Task to carry out: In the entries below, which lines run from the one with "Mulheres correm durante" through the one with "In a run down"? Repeat exactly those, both included, and no pictures.
[Data under study Boundary: Start]
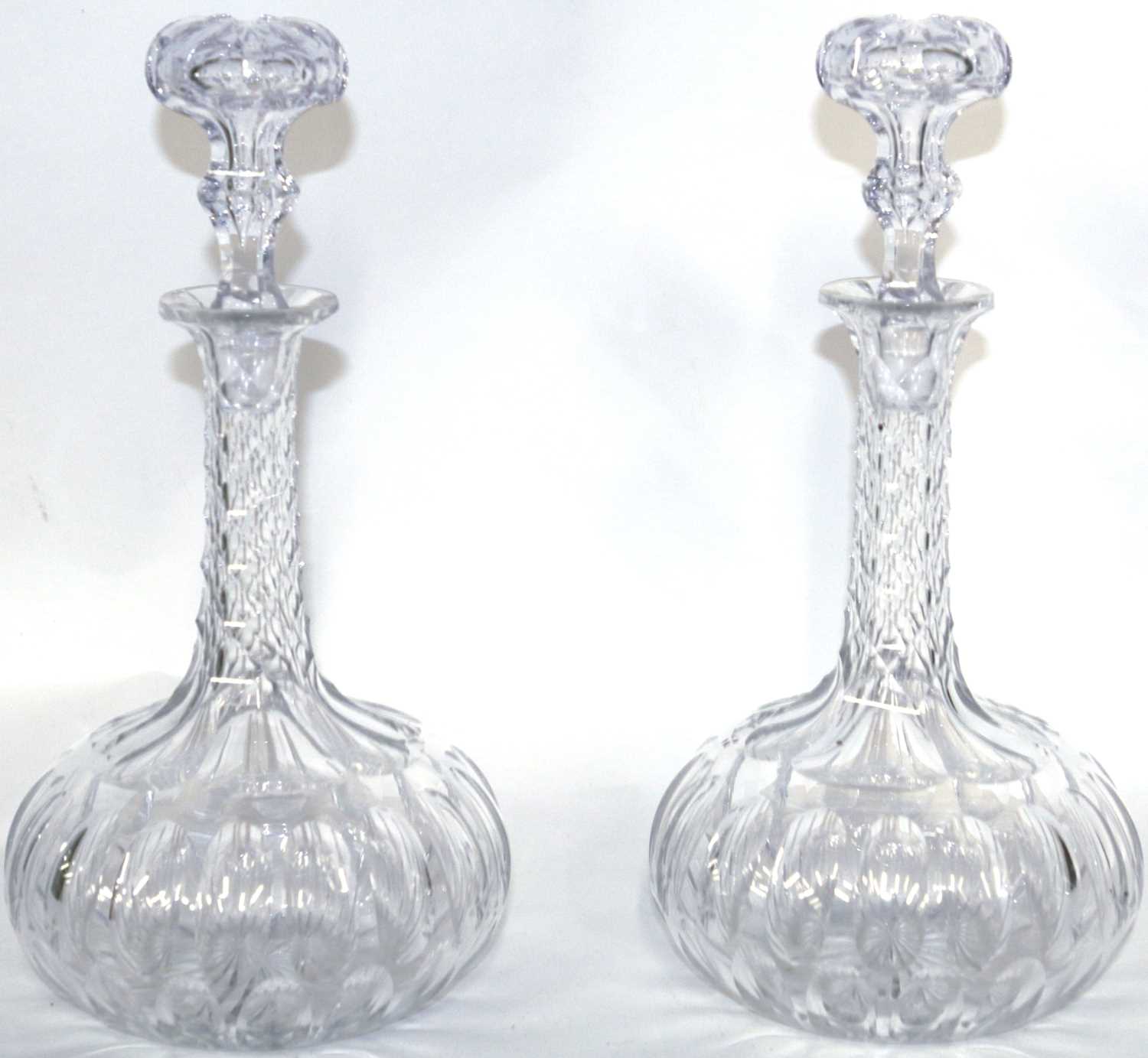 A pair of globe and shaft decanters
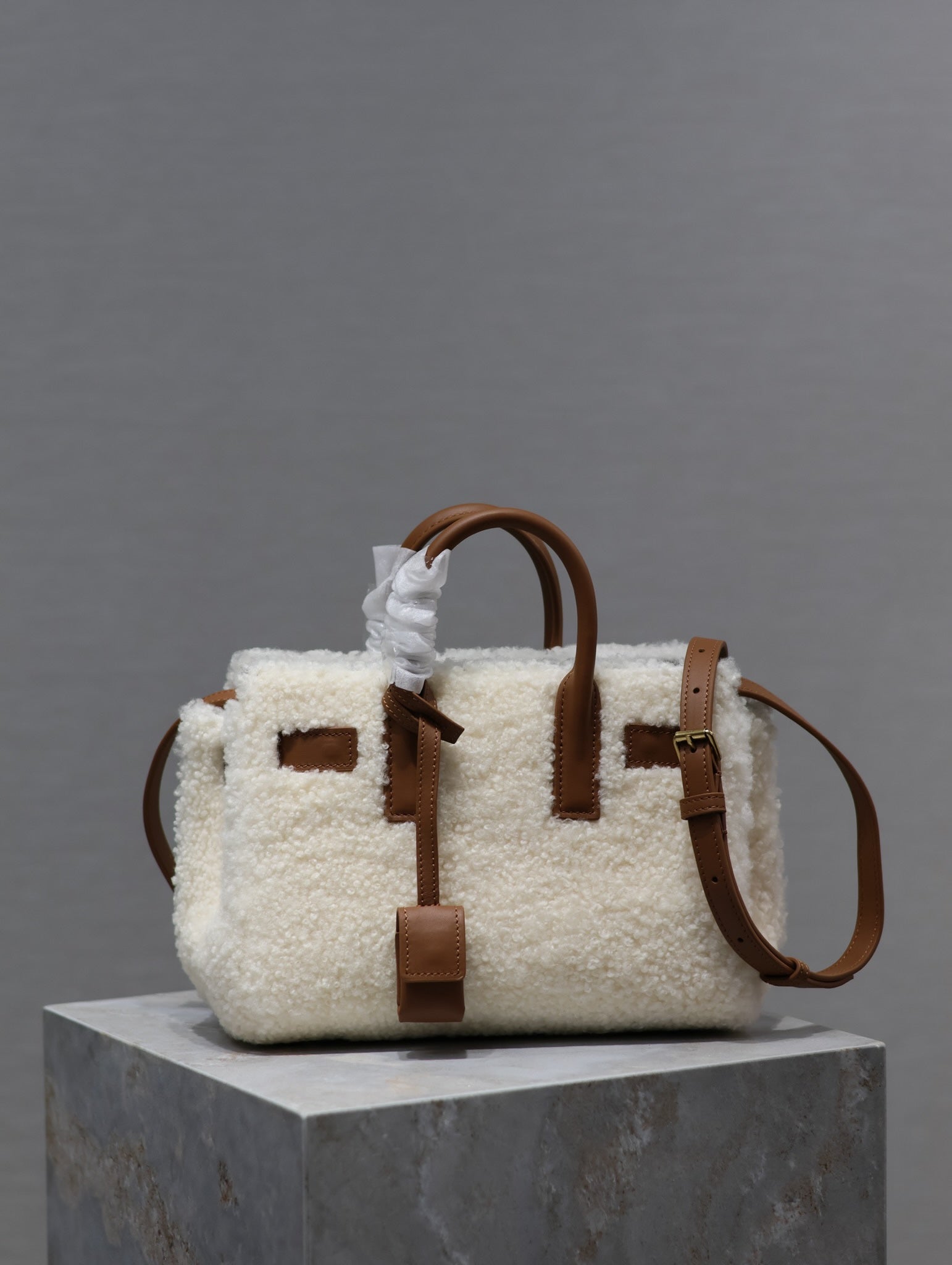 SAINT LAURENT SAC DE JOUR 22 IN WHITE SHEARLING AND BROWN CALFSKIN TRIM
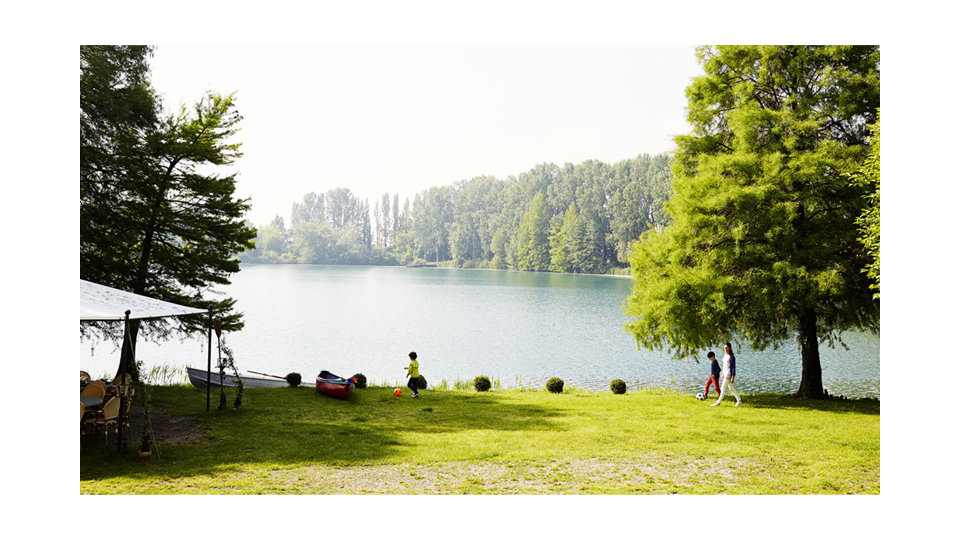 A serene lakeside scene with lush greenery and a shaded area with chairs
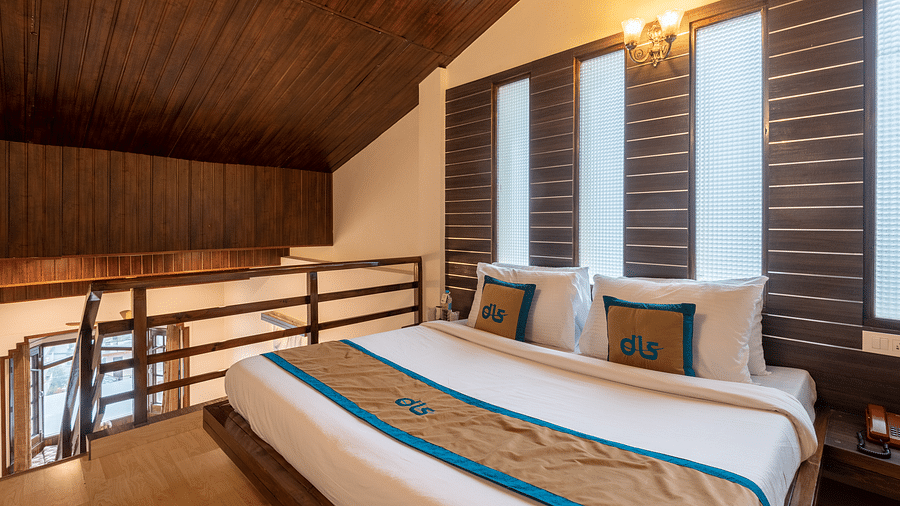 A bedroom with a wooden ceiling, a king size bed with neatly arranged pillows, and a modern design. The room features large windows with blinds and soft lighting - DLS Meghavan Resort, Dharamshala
[Data under study Boundary: End]
[Data under study Boundary: Start]
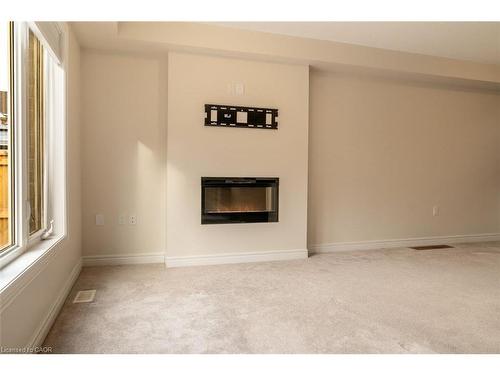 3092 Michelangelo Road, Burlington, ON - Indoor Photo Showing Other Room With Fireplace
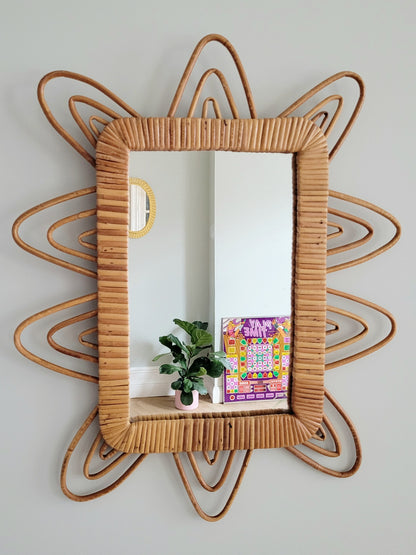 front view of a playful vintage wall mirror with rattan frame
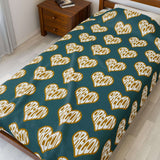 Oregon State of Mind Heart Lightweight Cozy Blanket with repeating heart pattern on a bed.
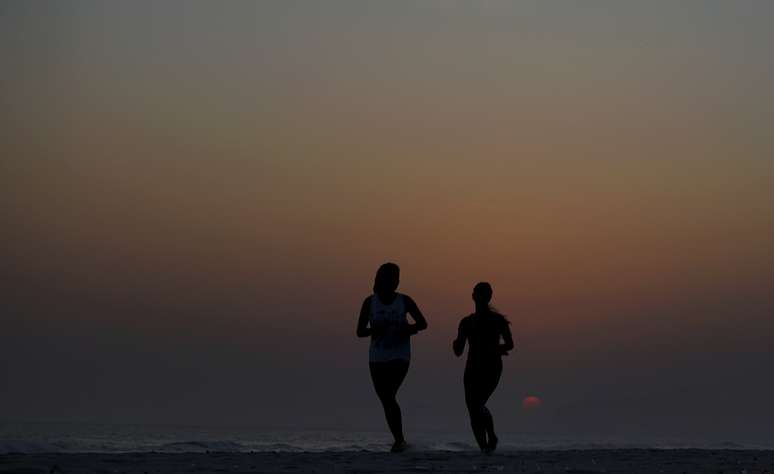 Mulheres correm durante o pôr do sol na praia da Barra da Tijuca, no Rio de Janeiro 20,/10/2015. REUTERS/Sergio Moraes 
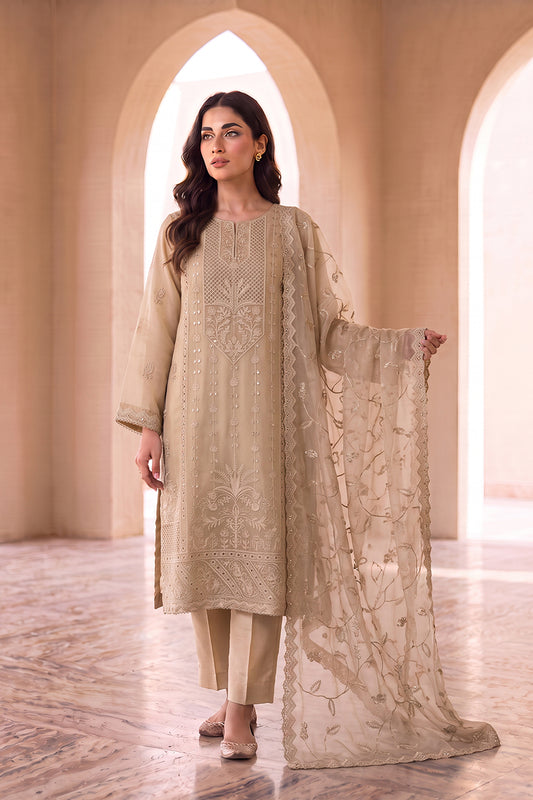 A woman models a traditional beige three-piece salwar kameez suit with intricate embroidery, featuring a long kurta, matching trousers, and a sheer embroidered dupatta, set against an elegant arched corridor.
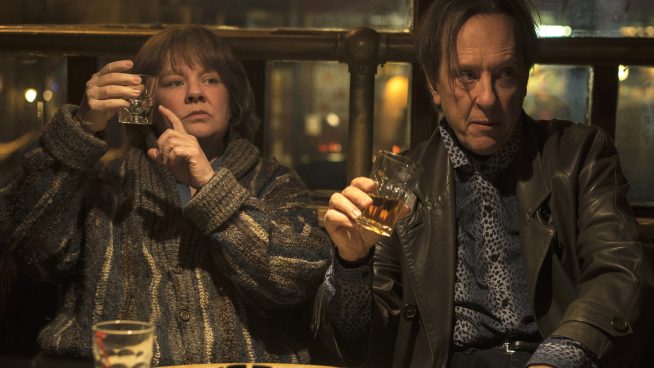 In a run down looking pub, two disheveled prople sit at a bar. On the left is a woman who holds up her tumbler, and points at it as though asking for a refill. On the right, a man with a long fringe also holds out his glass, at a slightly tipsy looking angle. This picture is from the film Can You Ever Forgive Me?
[Data under study Boundary: End]
[Data under study Boundary: Start]
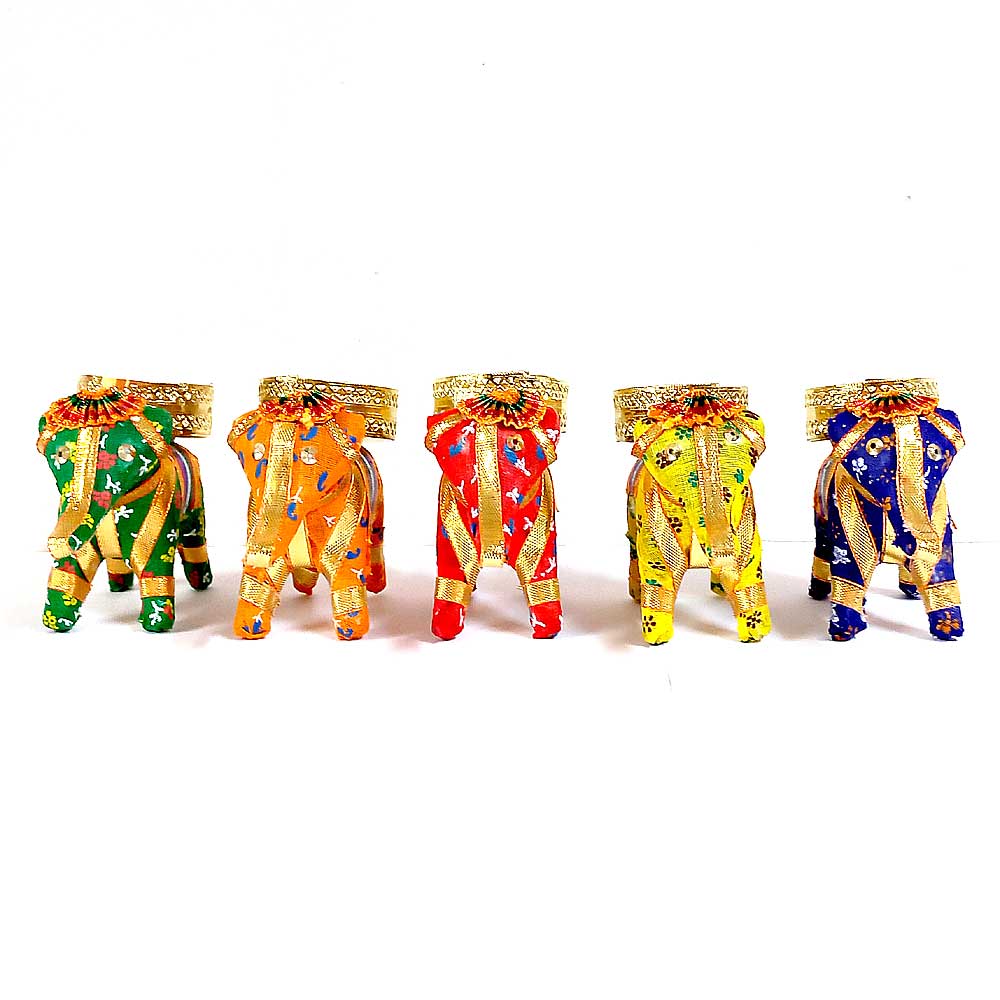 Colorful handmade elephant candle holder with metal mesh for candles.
[Data under study Boundary: End]
The completed task:
 Mulheres correm durante o pôr do sol na praia da Barra da Tijuca, no Rio de Janeiro 20,/10/2015. REUTERS/Sergio Moraes 
 A woman models a traditional beige three-piece salwar kameez suit with intricate embroidery, featuring a long kurta, matching trousers, and a sheer embroidered dupatta, set against an elegant arched corridor.
 In a run down looking pub, two disheveled prople sit at a bar. On the left is a woman who holds up her tumbler, and points at it as though asking for a refill. On the right, a man with a long fringe also holds out his glass, at a slightly tipsy looking angle. This picture is from the film Can You Ever Forgive Me?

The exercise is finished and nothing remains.